Mr Buhari’s government has rejected the results of Transparency International’s corruption index, criticising the organisation for failing to account for a rise in convictions and increased transparency measures across government.
“It is not fact-based but based on second-rate data . . . anybody could put together this kind of report from press releases issued by opposition political parties,” Garba Shehu, a spokesman for the president, told local reporters.
Sadiq Isah Radda, secretary of the Presidential Committee Against Corruption, said the administration has worked to convict a number of high-profile members of the president’s All Progressives Congress party. “The facts on the ground speak to the contrary,” he said.
Last month, ex-governor Orji Uzor Kalu, a member Mr Buhari’s party who had recently won election as senator from Abia state, was sentenced to 12 years in prison for graft. Mr Radda also pointed to the 2018 conviction and imprisonment of two former governors in graft cases that had dragged for roughly a decade as evidence of high profile scalps — the two men had both been members of the opposition and Mr Buhari’s party at different times.
“We have many high profile individuals that have been arrested, without any linkage to any political affiliation but simply because there is evidence against them,” Mr Radda said.
Mr Buhari has long been known as an ascetic, with a clean reputation stretching back to his days as military dictator in the 1980s. One of his main campaign promises when he first won office democratically in 2015 was to fight the corruption that was widely seen as rampant in his predecessor’s administration.
One of the highest profile members of the previous regime facing charges is the former oil minister Diezani Alison-Madueke, who has been under investigation by UK authorities since she was detained by police in London in 2015.
Last week, Ibrahim Magu, acting chairman of Nigeria’s anti-corruption unit, the Economic and Financial Crimes Commission, called on the UK to extradite former oil minister, stating that the agency had sufficient evidence to prosecute Ms Alison-Madueke for financial malfeasance committed while in office.

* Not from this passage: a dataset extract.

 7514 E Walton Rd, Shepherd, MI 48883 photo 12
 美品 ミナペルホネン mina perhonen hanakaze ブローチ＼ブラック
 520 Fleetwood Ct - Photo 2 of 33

“We want everybody who has stolen from the commonwealth to bring it back to Nigeria, so as to use the monies to provide the needed infrastructure,” he said.
The EFCC says it has traced at least N47.2bn and $487.5m in cash, properties and other valuables to Ms Alison-Madueke, who served as petroleum minister from 2010 to 2015. The assets include “boxes of gold, silver and diamond jewellery worth several million pounds sterling” at one residence in Abuja and a $37.5m apartment building in Lagos, according to the EFCC. Ms Alison-Madueke denies any wrongdoing.

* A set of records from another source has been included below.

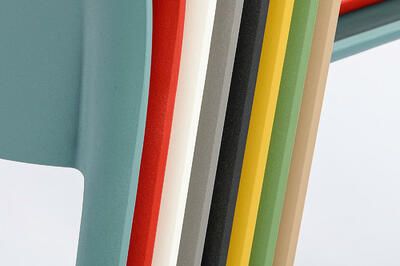 Aus einer großen Farbauswahl können die Kunststofffarben des Stühle gewählt werden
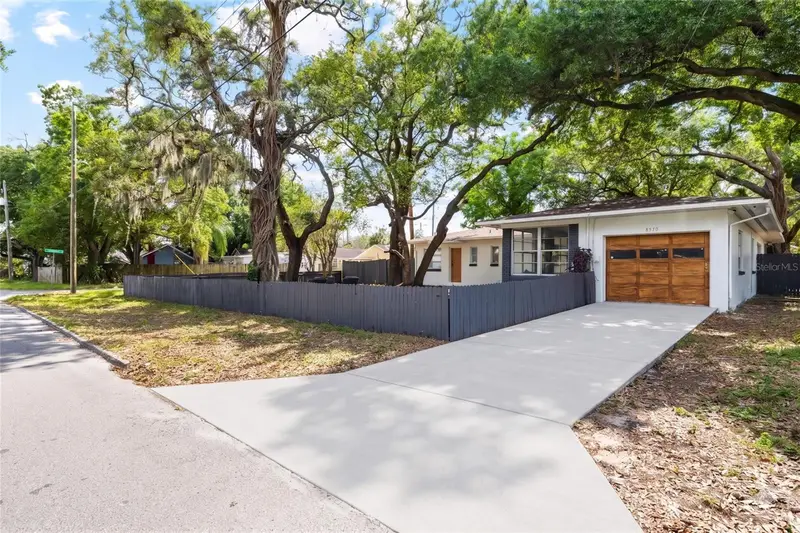 8510 Seminole Avenue, FL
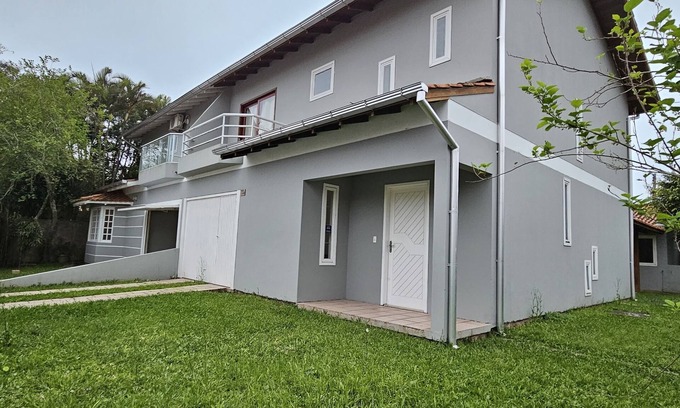 Barra da Lagoa House | Residencial Beira Mar , casa aconchegante e ampla a 20 metros da praia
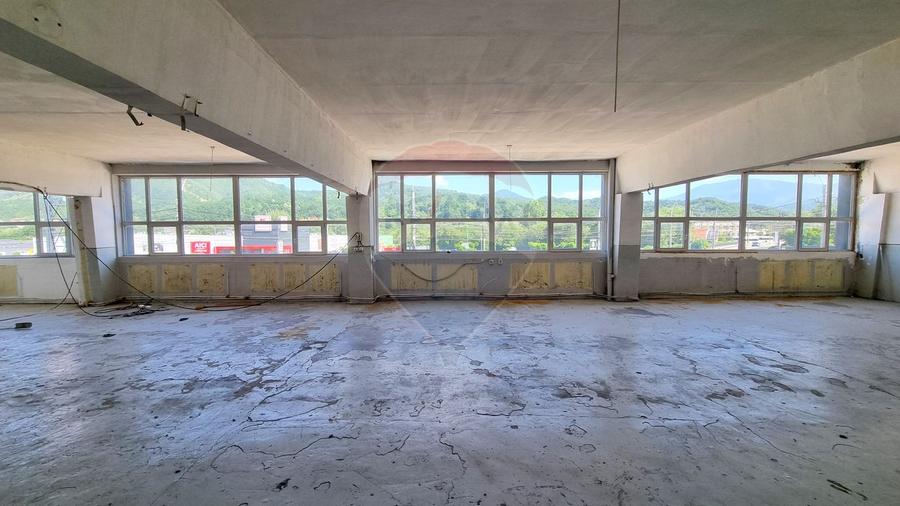 Spatiu comercial 370 mp | Vasile Lucaciu Baia Mare | 3 €/mp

But perhaps the biggest corruption case on Nigeria’s docket involves a $6.6bn arbitration judgment awarded to P&ID, an obscure company started by an Irish businessman, over an aborted gas processing plant in southern Nigeria. The 2017 judgment against Nigeria has since ballooned to over $10bn with interest, which is roughly a quarter of the country’s foreign reserves.

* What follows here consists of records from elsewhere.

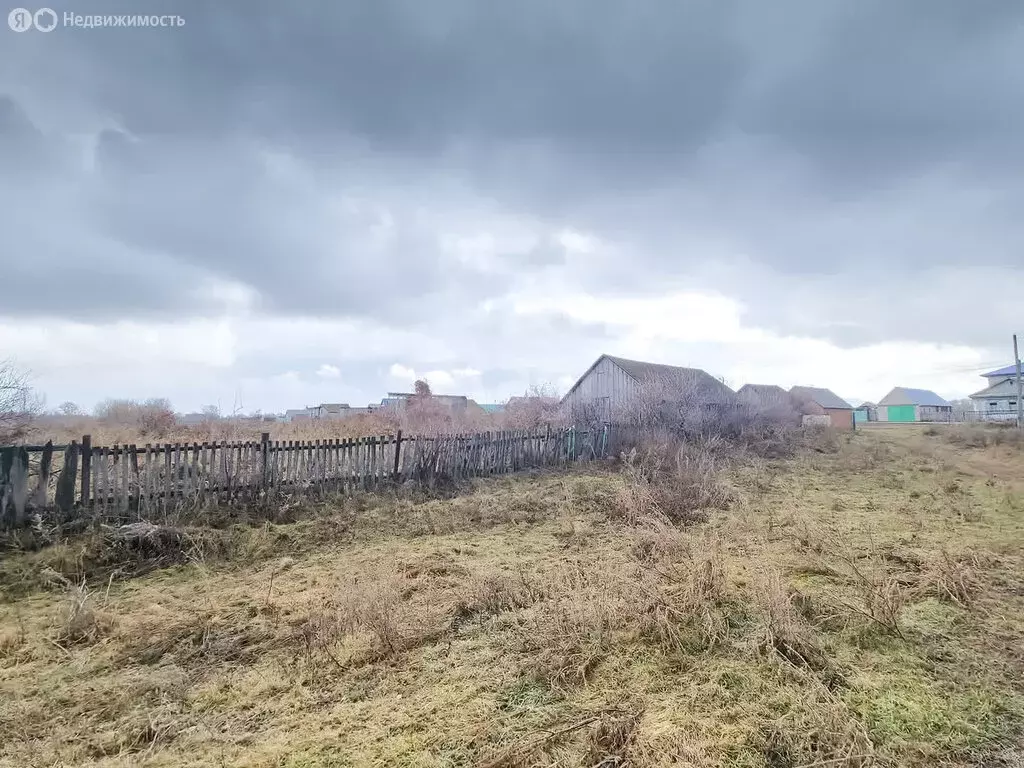 Участок в Ишимбайский район, село Ишеево (10 м) - Фото 1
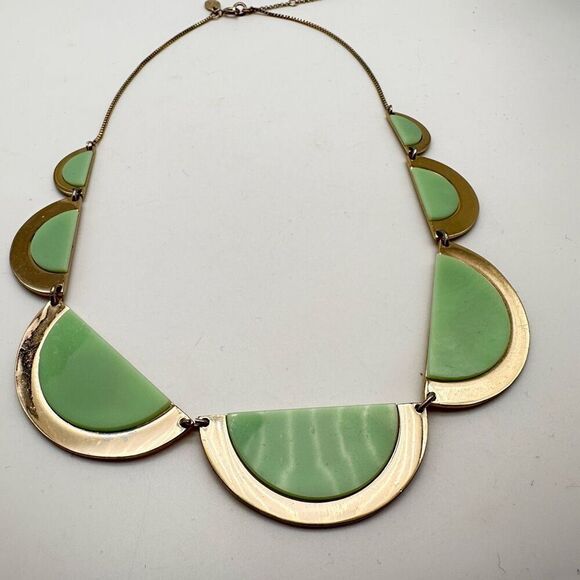 Ann Taylor LOFT jewelry polished gold Light green semi circle cluster necklace - Picture 10 of 10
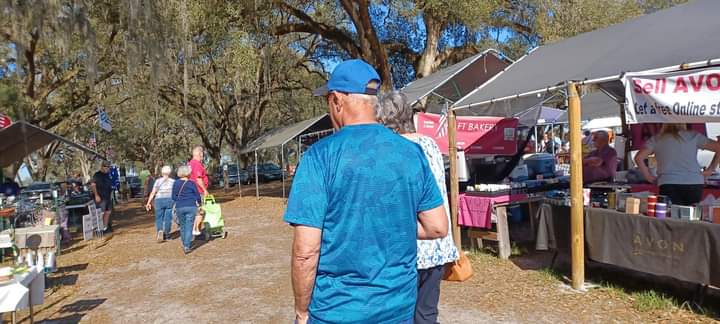 Flea market | 2738 Gall Blvd, Zephyrhills, FL 33541, USA | Phone: (813) 355-6074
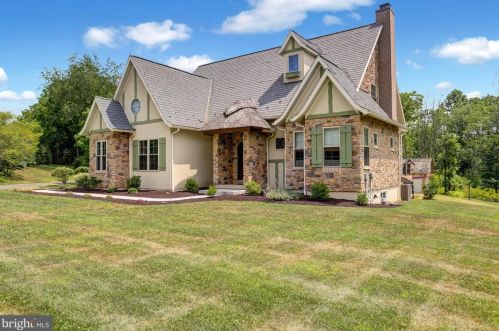 1363 Hex Hwy, Moselem, PA 19526-8814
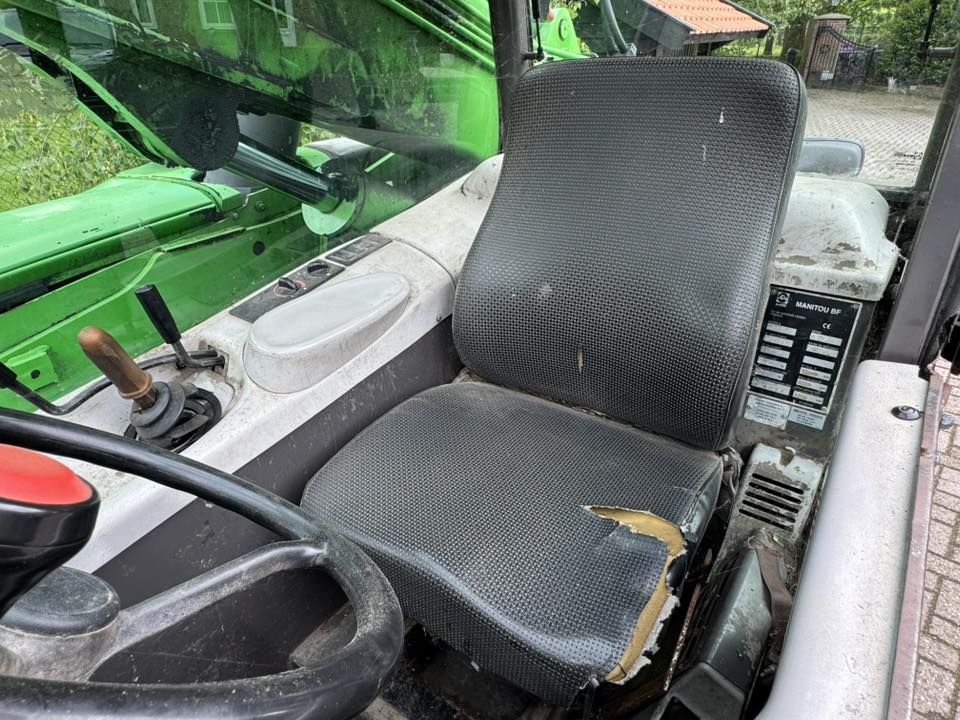 Manitou MT932 Verreiker lader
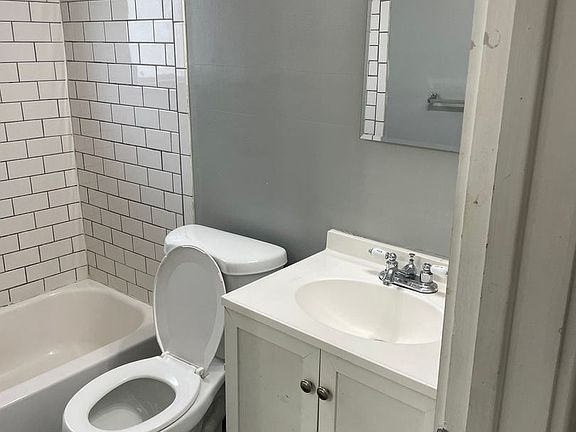 4th image of 1117 S Plymouth Ave #11727595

After sleeping on the case for years — including missing court filing deadlines — Nigeria seems to have woken up to the risk the ruling poses to its reserves and to its sovereign credit rating and ability to raise debt. In recent months it has increasingly sought to label the original contract fraudulent, and prosecuted a number of low level oil ministry officials, who have pleaded guilty to taking bribes in exchange for approving the deal.
A spokesman for P&ID has called the recent prosecutions a “sham”.